Bayview is the original property of Lois’ great-grandparents. A Devonshire tea was served in the old chicory kiln – a fascinating relic of the once important chicory industry on both French and Phillip Islands.

The kiln museum contains lots of chicory and farm memorabilia. Plus a barred window from one of the cells of the old jail!

As well as tea and coffee, we were given the opportunity to try chicory flavoured drinks – still commercially available.

Preserves served with the scones were all locally made – a lovely touch.

After refreshing ourselves there was plenty of time to wander around the farm. Children (or adults!) could pet and feed Lois’ pet sheep, chickens and birds. This was a welcome break for the small children in our tour.

Koalas could also be spotted reclining in the narrow-leaf peppermint gums.

On the way back to Tankerton jetty, we stopped at the general store. Local produce such as preserves, honey and wine are available for purchase. Or just buy an ice cream!

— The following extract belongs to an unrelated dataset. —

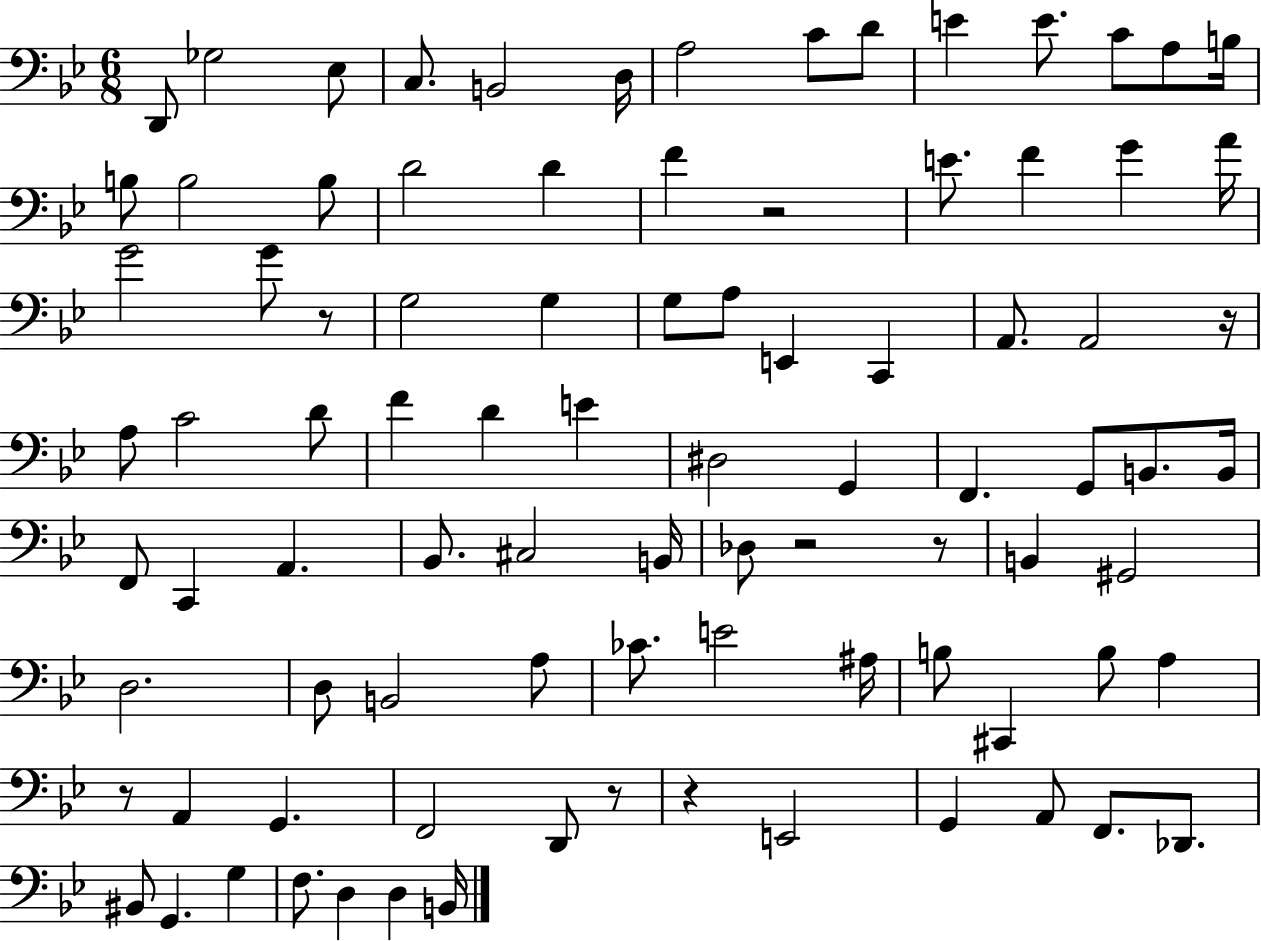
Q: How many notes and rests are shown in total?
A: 90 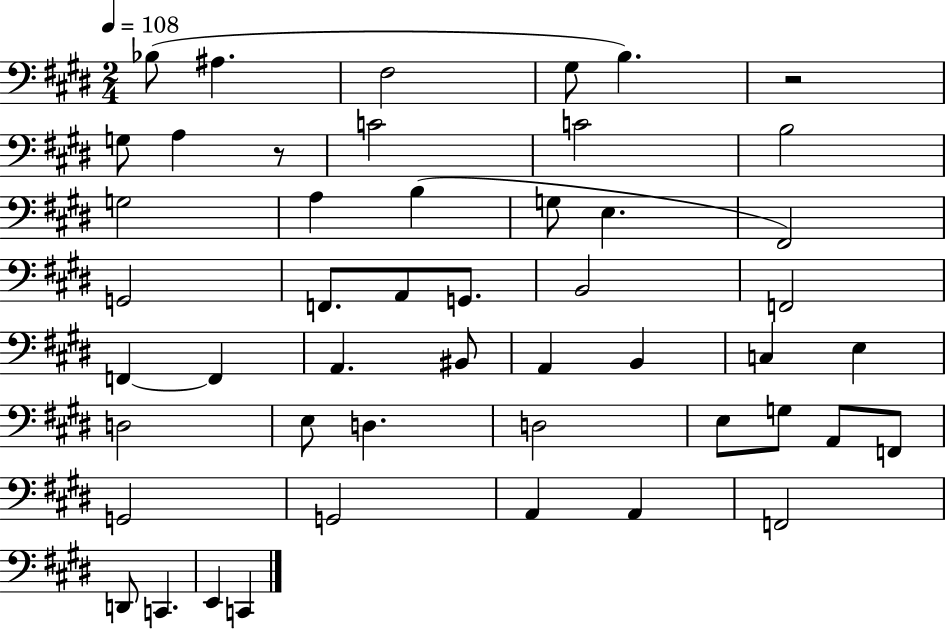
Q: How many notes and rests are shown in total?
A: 49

Lois managed to get us back to the jetty in time to catch the ferry back to Cowes on Phillip Island (via Stony Point).

If you have time for just a day trip from Phillip Island to French Island, a tour with Lois is a must.

If you prefer a longer stay, there is accommodation available at French Island Eco Inn.

If camping is your preferred style, there is a camp site at Fairhaven in French Island National Park. Check conditions and facilities available there through Parks Victoria.

Bicycles are available for hire at the general store which is about 2.5km from Tankerton jetty. 

Destinations can take some time to reach - if you are just on the island for the day and need to catch the ferry back to Phillip Island, keep this in mind.